The force of his shout carried more than sound now. The Legacy class turned intent into pressure. Red light pulsed from his boots across broken tile, and every monster in the hub jerked toward him as if yanked by hooked wires.
Skill used: Provoke
Hostile focus forcibly redirected.
The Leech Nurse abandoned Nia at once and sprang for Evan’s face.
He met it with steel. Teeth screeched across the shield. One claw punched through the thin plate over his forearm and bit meat underneath. Evan gritted his teeth, planted, and shoved. Jax appeared at the creature’s blind side like a shadow with knives, carving through tendons at the knee joints. Nia put another arrow through an eye socket.
The thing fell twitching.
Evan didn’t let himself breathe yet. “Hallway!

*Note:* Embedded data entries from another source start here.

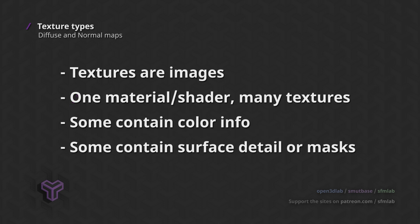A texture is essentially an image that wraps around the surface of your model. However, in 3D games there are several texture types that can contribute to a single material or shader. We will quickly walk through the two most common types that you will come across when dealing with video game models in particular.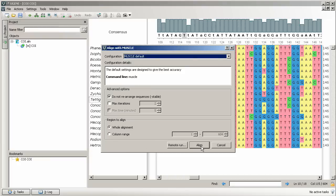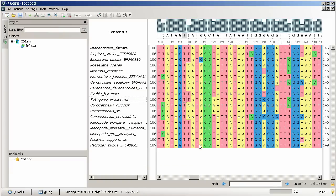Set advanced algorithm options if needed and select a region to align. To start the align, click Align button. We also see a remote run button which we will discuss later in the podcast.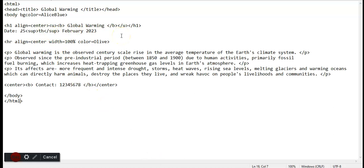In the h1 tag, we can use bold, underline, and align tags. For bold we use b, and for underline we use u. We close these all tags after writing Global Warming.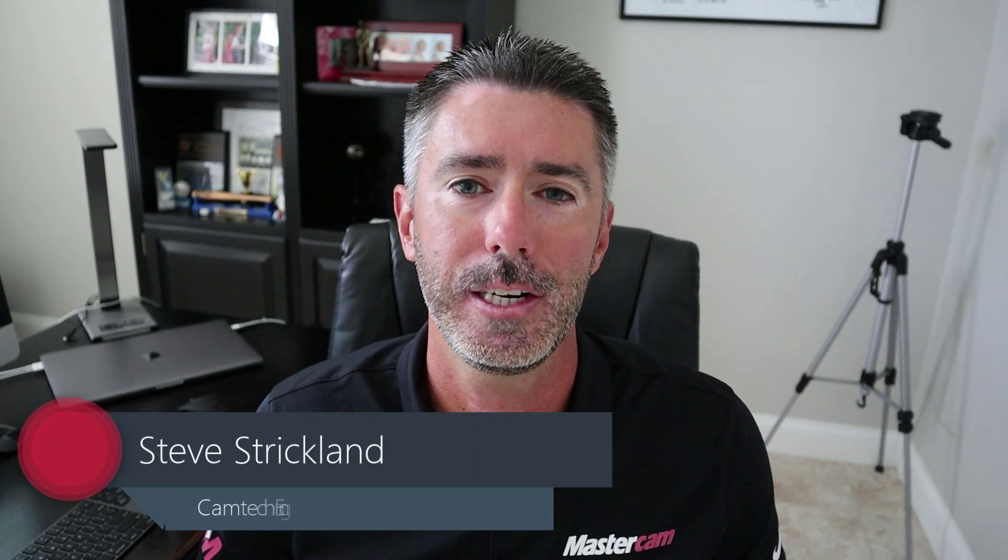Hi guys, Steve Strickland here with Camtech Engineering. Today from Mastercam Monday, I'm going to cover the File Migration Wizard.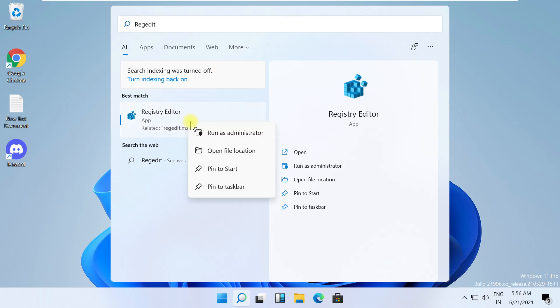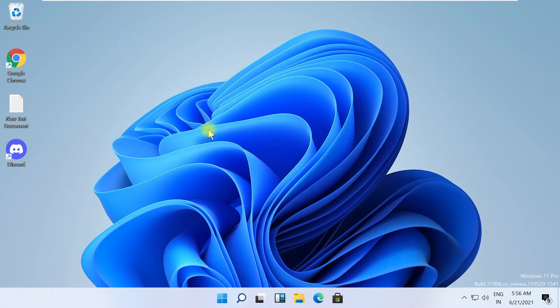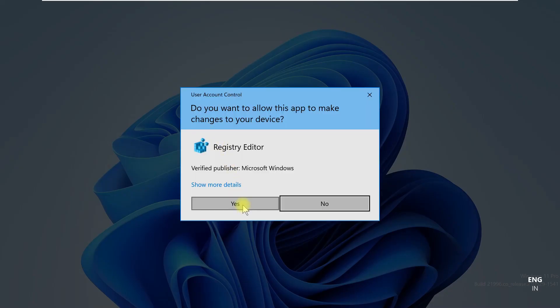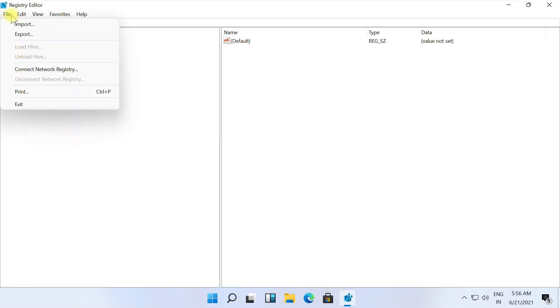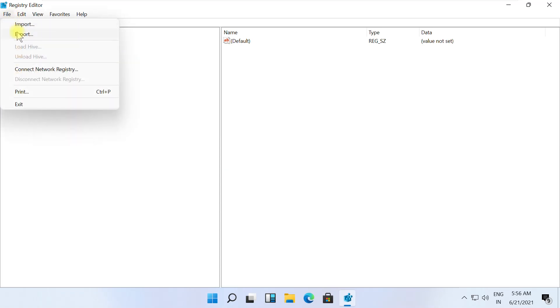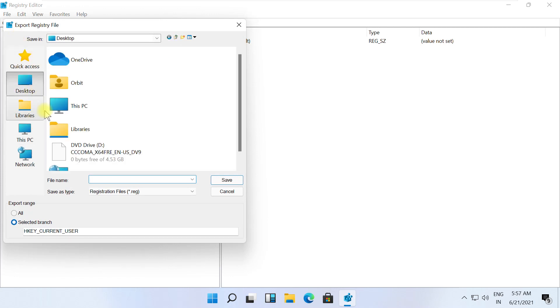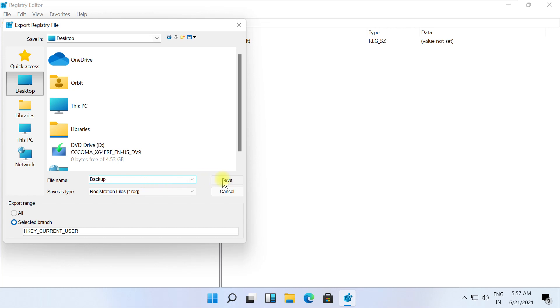It will open Registry Editor window. Now click File, select Export, then select the folder where you want to save the registry file. Name it and click on Save.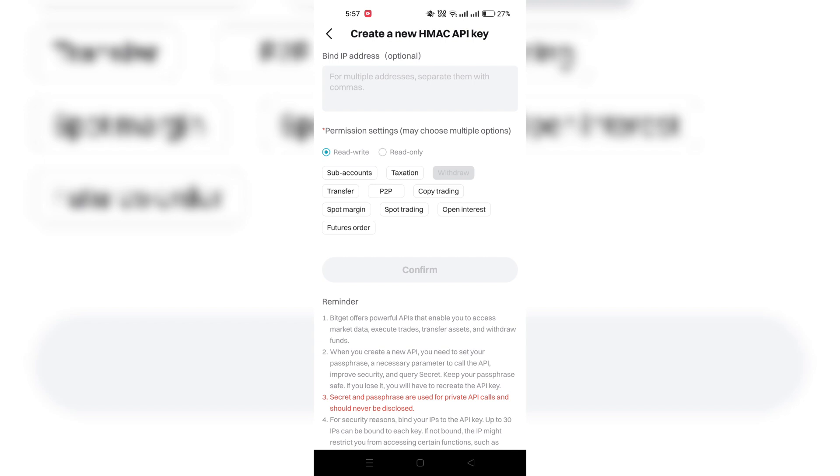After creating it, you can manage it by viewing, editing, or deleting it as needed.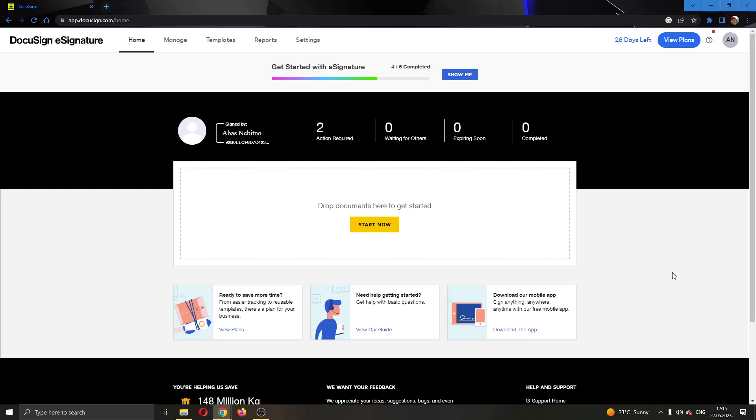Hey everybody, what's up and welcome back to today's video. Today I'm going to show you how to add a second signature to your document in DocuSign.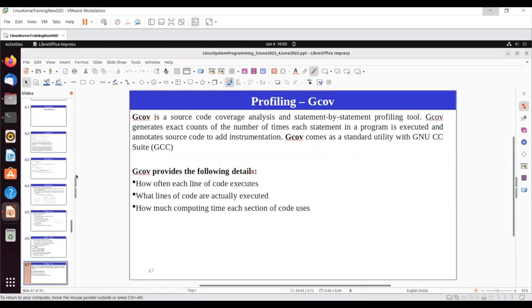This tool, gcov, will do a code coverage. Normally when you run the code it'll do a code coverage, and it'll try to find how much percentage of the code has been covered. You get details like line coverage, code coverage, and function coverage - what lines have been executed. All those things you can get here.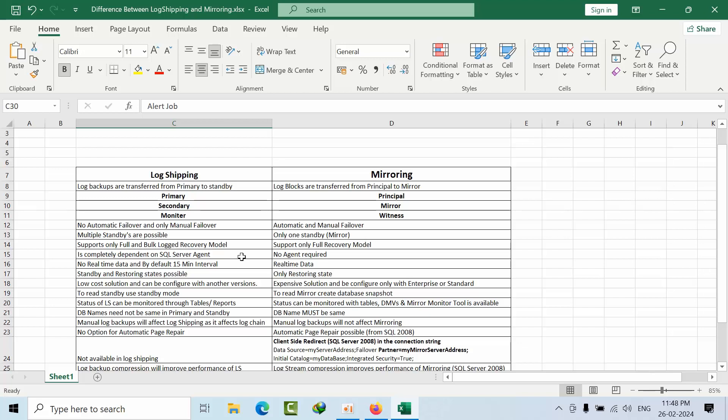In log shipping we have a terminology called primary, secondary, and monitor server. In mirroring we call it principal, mirror, and witness server. In log shipping we don't have automatic failover, only manual failover. In mirroring we have automatic and manual failover.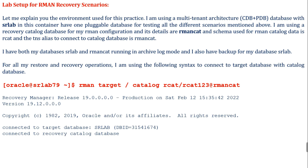These are all the recovery scenarios we are going to see. For this practice I am using a multi-tenant CDB with a PDB database. In this container I have one pluggable database for testing all the different scenarios mentioned above. I am using an RMAN catalog database, and the catalog schema used is R1CAT. The TNS to connect to the catalog database is R1CAT. I have both my databases — SRLAB and R1CAT — running in ARCHIVELOG mode, and I have already taken a backup of SRLAB. For all restore and recovery operations I am using the RMAN syntax to connect with the catalog database.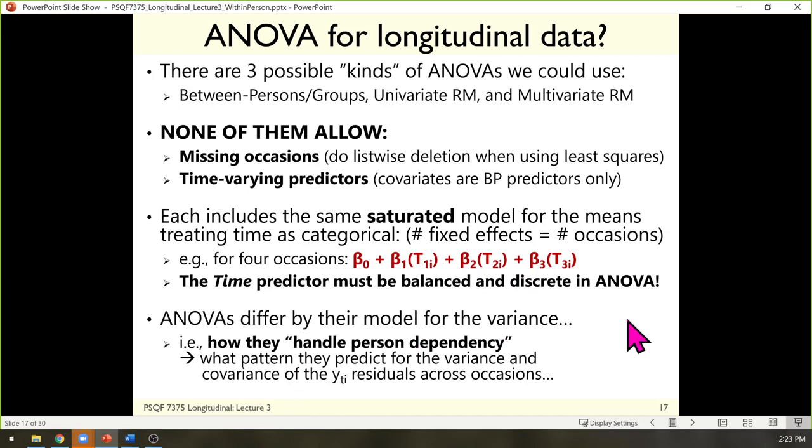All kinds of ANOVAs treat time as a categorical predictor. The way they differ is in their model for the variance. They all fit the exact same model for the means with respect to time; they differ in how they stipulate the model for the variance — what kind of dependency they predict happens for occasions from the same person.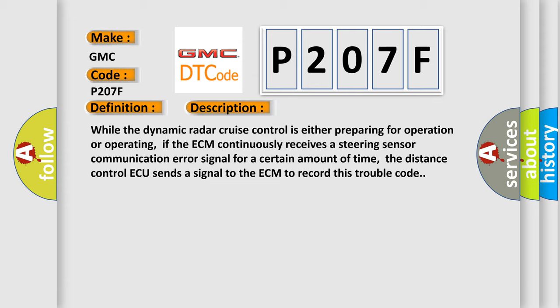While the dynamic radar cruise control is either preparing for operation or operating, if the ECM continuously receives a steering sensor communication error signal for a certain amount of time, the distance control ECU sends a signal to the ECM to record this trouble code.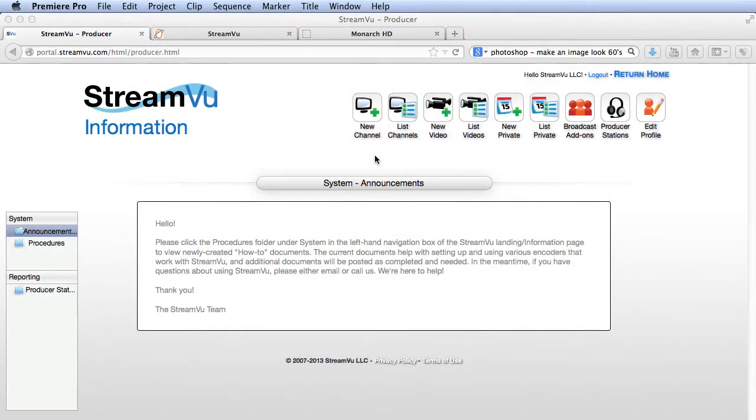In this tutorial, you'll learn how to produce a live event with StreamView while producing both the live stream and the master quality copy with the Monarch HD. Let's start with StreamView.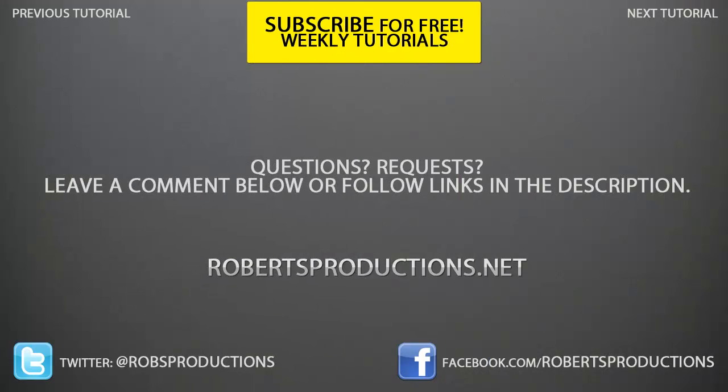Remember you can subscribe for free weekly tutorials just like this one. And remember if you ever create anything really cool either in Photoshop, After Effects, Sony Vegas, go ahead and post it to the Facebook page. I'd love to see some of the work that you guys create by watching my videos. Again I hope this helped. Thank you for watching and until next time, take care.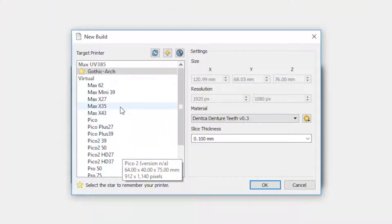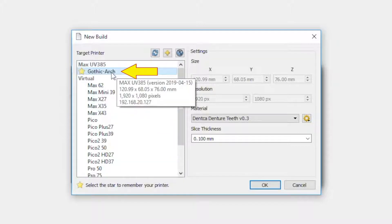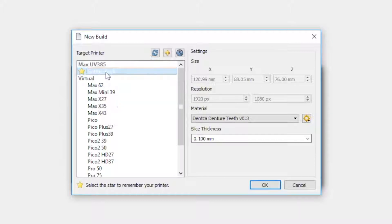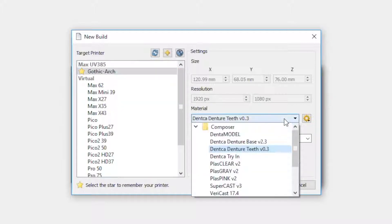Select the printer that will be used to print this job. Now pick the material to use for the print. For the bases, select Denture Base version 2.3.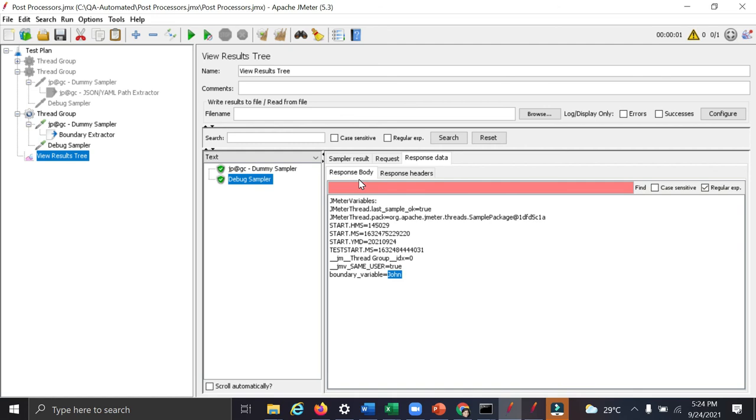So these are three types of extractors which we have seen in this video, which you can use in your test to extract values. Then on the basis of the values, you can write your assertions. You can use this to fetch your authentication token and make the calls to authorized APIs.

Move!”
This time they obeyed.
He backpedaled into the choke while the remaining Husks chased the threat light clinging to him like a blood scent. One reached him first and got stuck trying to scramble over its own ally’s body. Evan hammered both with a shield bash that cracked the first skull against the wall. Jax darted in to cut hamstrings, then skipped back out of range. Nia shot between them, arrows snapping through the tiny safe windows Evan’s positioning gave her.
The last Husk died clawing at Evan’s boots, unable to get around him.
Silence slammed down.
Not real silence. The lights still buzzed. Something dripped in a nearby room. Jax was breathing too hard and trying not to show it. But compared to the frenzy of the last twenty seconds, the corridor felt cathedral-still.
Nia put a hand over her ribs and looked at the shredded sleeve on her arm. The skin underneath was welted raw where the tongue had caught her.
“You said slow,” she said.
“I know.” Evan looked back toward the station, jaw tight. “There were side exits I didn’t see.”
Jax wiped his knives on a dangling curtain. “Good news. We learned something.”
“That you’re reckless?” Nia snapped.
He laughed once, but there wasn’t much humor in it. “No. That our fearless leader is only mostly right, which is still a better percentage than most people managing parties right now.” He turned to Evan. “You changed the fight when it broke. That’s the only reason we’re not food.”
Evan glanced at the blood on Jax’s back. “You’re cut.”
“I noticed.”
“Can you move?”
“Unless my spine falls out in the next five minutes.”
Nia took a small inhaler-looking tube from her belt pouch, snapped it, and smeared glowing gel over the welt on her arm. The System called them med-patches; everybody called them miracles too expensive to waste. The red swelling calmed slightly.
She eyed Evan’s side. “You have one?”
He did. One. He shook his head. “Later.”
“Idiot.”
“Resource management,” he said.
“Idiot,” she repeated.
Jax leaned around Evan to peer toward the nurses’ station. “So. Lesson one: rooms lie.”